Ricoh Theta S vs. Samsung Gear 360
To make a truly VR photo, which is completely spherical, you need to purchase a VR camera. After researching everything available under $400 (in early 2016), reading reviews and looking at sample images that people produced with them, I learned that the best options were the Ricoh Theta S or the Samsung Gear 360.
The Samsung Gear 360 camera does a poorer job of stitching together the end pieces to produce a truly 360-degree experience.
I also don’t like that the Samsung requires one of the newest models of Samsung smart phone to pair with: the Galaxy S6 or newer. Mine is an S5, and I see no reason to upgrade to a much more expensive phone when the S5 is still working great for everything else.
The images produced by the Gear 360 camera are also meant to be viewed only by the Samsung Gear goggles. Samsung is being very proprietary.
The Ricoh Theta S, on the other hand, does an excellent job of stitching the ends seamlessly.
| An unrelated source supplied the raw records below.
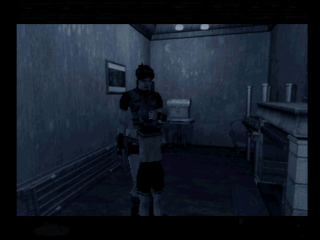 Resident_Evil_2_N64_LeonB_Intro.png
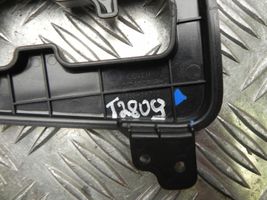 Hyundai ix20 Gear shifter surround trim plastic 846551K710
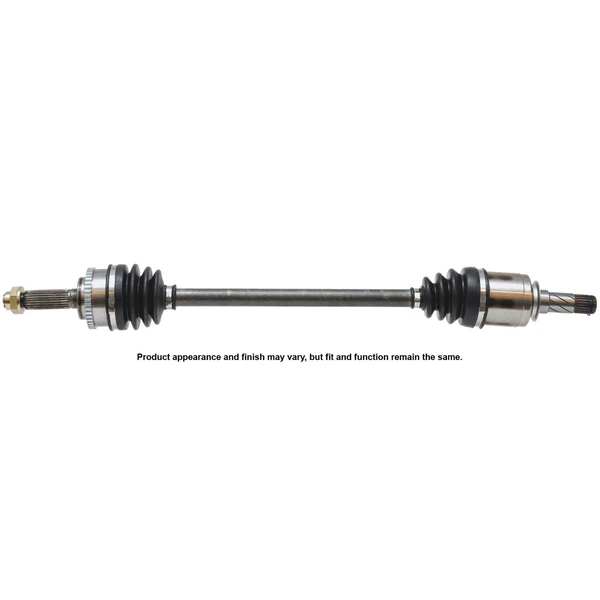 Cardone 66-7370 CV Axle Assembly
The app works on any smart phone. Other than that, the two cameras seem about equal. These two advantages sold me on the Ricoh camera.
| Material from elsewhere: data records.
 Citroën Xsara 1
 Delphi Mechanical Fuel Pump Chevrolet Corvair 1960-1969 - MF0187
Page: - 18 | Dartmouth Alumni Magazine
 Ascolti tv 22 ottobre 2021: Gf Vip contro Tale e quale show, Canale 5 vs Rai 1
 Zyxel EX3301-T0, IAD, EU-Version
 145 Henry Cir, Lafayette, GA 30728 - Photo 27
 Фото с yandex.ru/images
Both cameras can shoot videos, but the video quality is lousy. No consumer-priced camera yet has a truly high resolution ability. Their videos are usable if you view them in your own device (your cell phone or your headset), but if you upload them to YouTube or Facebook (both of which hope to make VR more popular), they lose quality drastically, ruining the immersive experience of “being there” in the scene.
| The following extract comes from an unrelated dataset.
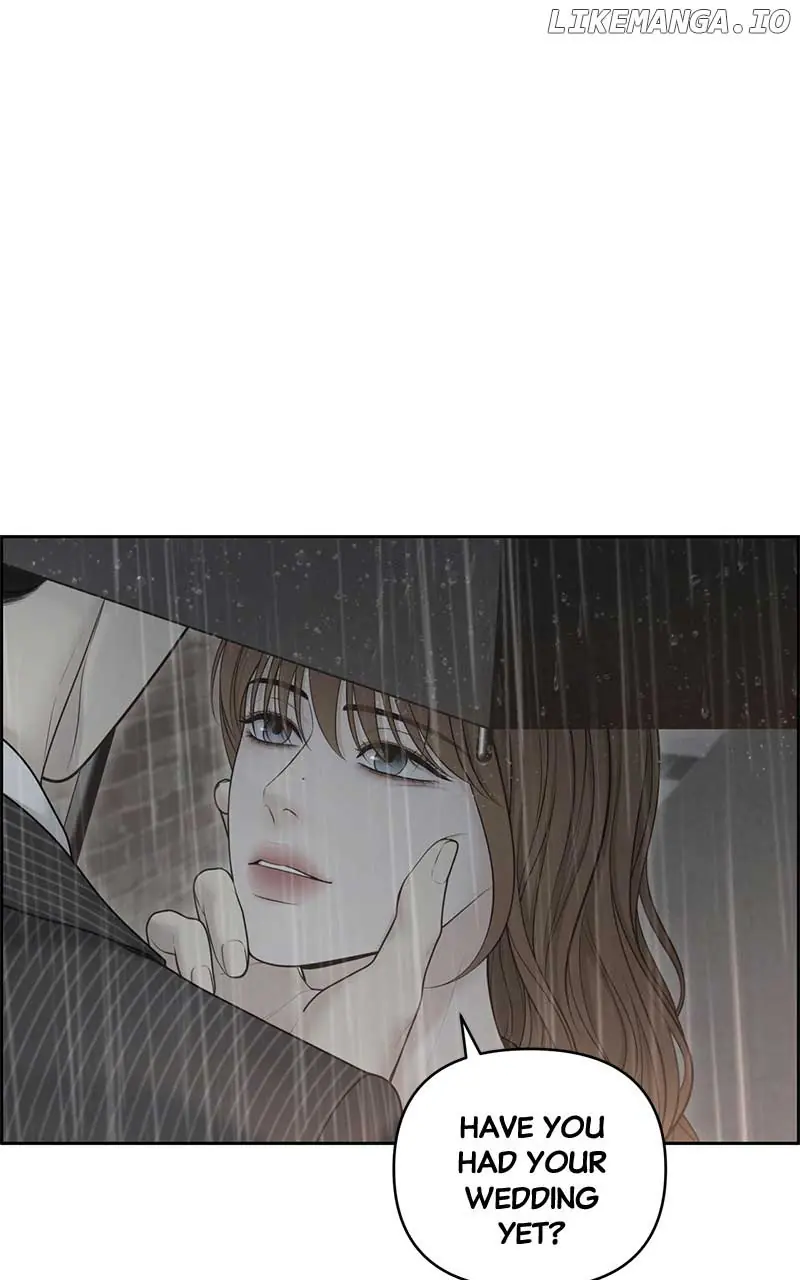 Only Hope Chapter 55 Page 7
The quality of the of Ricoh photo is worse than my smart phone’s camera, although it is much easier to use for creating a steady image. Certain lighting conditions make a better image than others, and I’ll cover that in a future post. The first photos I shot had trees in them, and the sky’s light coming through the tree tops produced purple edge-fringing on the tree branches and leaves. Ugh! As a professional photographer, I was happy to get away from purple fringing years ago when I replaced my inexpensive digital camera with a DSLR. Now I’m back to feeling like an amateur again.
The Ricoh camera does not render colors as accurately as my phone’s camera nor as sharp. Graphics editing software can improve that somewhat. Mine includes a feature that fixes purple fringing, but in this case, there was too much fringing and not enough fixing. More time spent on optimizing the colors improved it further, actually making the fringes more blue than purple, which I can accept more easily since it’s the color of sky (although when the bright light of the sky is shot through trees, that part comes out white, not blue).
The good news is: After uploading the spherical photo into a website for displaying it (another future post will discuss such websites), the tops of the trees look far enough away that the purple is not noticeable — at least not enough to distract users from the “wow” factor of the VR experience.
As a perfectionist when it comes to professionalism, my initial frustrations with the camera’s resolution quality made me wonder if I had made a mistake buying a consumer-priced VR camera. I polled users to get their reactions. Here are some replies:
“I had a look at the newly uploaded images and no, I do not think they look as ‘real’ as the others [shot with my cell phone]. The first images were sharper and it felt like I was really walking in your garden. These latest ones are less convincing, in my opinion.”
“What you’ve posted is so peaceful and the scenery is conducive to ‘being in touch’ with God.”
“I think the images are just fine now with the camera you have and I enjoy the scenery as it is.”
“My 15-year-old techno kid, Greg, took a look at the VR footage and we both felt it looked really good on our home PC. Quite real and no purple tinge on trees. Greg looked at the images on his Samsung phone and said it wasn’t nearly as good. It was more pixilated.”
“I think it’s extremely clear and detailed. Really a wonderful ‘place’ to go for contemplation. Yes, it’s still a wow!”